Deputy Prime minister
- In office 12 March 1957 – 26 February 1961

Military Governor of Tehran
- In office 1954 – 12 March 1957
- Monarch: Mohammad Reza Pahlavi
- Prime Minister: Fazlollah Zahedi Hossein Ala' Manouchehr Eghbal
- Preceded by: Farhad Dadsetan
- Succeeded by: ?

Personal details
- Born: 1914 Shahr-e Kord, Qajar Iran
- Died: 12 August 1970 (aged 55–56) Baghdad, Ba'athist Iraq
- Resting place: Imam Ali Shrine, Najaf, Iraq
- Education: Saint-Cyr Officers' Academy War University

Military service
- Allegiance: Pahlavi Iran
- Branch/service: Ground Forces
- Years of service: 1933–1961
- Rank: Lieutenant General
- Commands: Kermanshah Brigade (1953–1954) 3rd Mountain Brigade (1952–1953) Cavalry Assault Regiment (1946–1947)
- Battles/wars: World War II Anglo-Soviet invasion of Iran; ; Iran crisis of 1946; 1953 Iranian coup d'état;

= Teymur Bakhtiar =

Iranian military officer and politician (1914–1970)

Teymur Bakhtiar (تیمور بختیار; 1914 – 12 August 1970) was an Iranian military officer and intelligence chief who was the founder and head of SAVAK from 1957 to 1961 when he was dismissed by Mohammad Reza Pahlavi. In 1970, he was assassinated by SAVAK agents in Iraq.

He was an asset in the British military network in Iran.

==Early life==
Bakhtiar was born in 1914 to Sardar Moazzam Bakhtiari, a chieftain of the eminent Bakhtiari tribe. He studied at a French school in Beirut (many Iranians were Francophiles at the time: e. g. Amir-Abbas Hoveyda and General Hassan Pakravan) from 1928 to 1933, whereupon he was accepted to the renowned Saint-Cyr military academy. After returning to Iran, he graduated from Tehran's Military Academy. His cousin, Shapour Bakhtiar, and he went together to both Beirut and Paris for higher education.

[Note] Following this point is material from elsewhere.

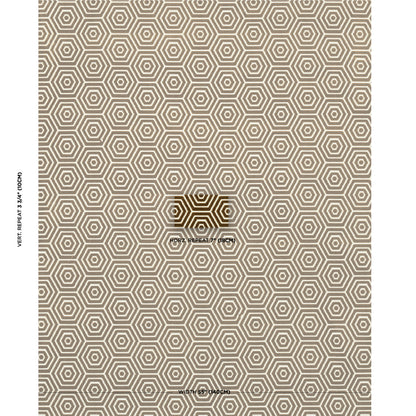 Beige and ivory hexagon honeycomb pattern on fabric; retro geometric textile for upholstery or wallpaper.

Then he was made a first lieutenant and dispatched to Zahedan. Bakhtiar's first wife was Iran Khanom, the daughter of the Bakhtiari chieftain Sardar-e Zafar. Their daughter, Golnar, married Kambiz Yazdanpanah, the son of Morteza Yazdanpanah, in Tehran in 1960. At that time, the Bakhtiaris were extremely influential; the Shah's second wife, Queen Soraya Esfandiary-Bakhtiary, and his last prime minister, Shapour Bakhtiar, were both related to Teymour Bakhtiar.

==Military career==
After some time, Bakhtiar was transferred to Zahedan with the rank of First Lieutenant to continue his service. Concurrently with World War II, he was transferred to Isfahan, and subsequently returned to Tehran in 1942 with the rank of Captain. By 1946, he attained the command of a regiment.
Following the Anglo-Soviet invasion of Iran during World War II when the USSR refused to withdraw its troops from Iran, the separatist movement intensified in a number of regions of the country. In 1946, having received the relevant order of the Shah's government, Teymur took part in pacifying the Khamseh region. He organized a kind of guerrilla struggle against soldiers of the Red Army and the separatist movement and was one of the commanders of the Cavalry Assault Regiment, as a result of which many separatist fighters were killed in clashes with pro-Shah forces. Suppressing the armed resistance of the nomadic Khamseh tribes, the government sent him as governor to Zahedan.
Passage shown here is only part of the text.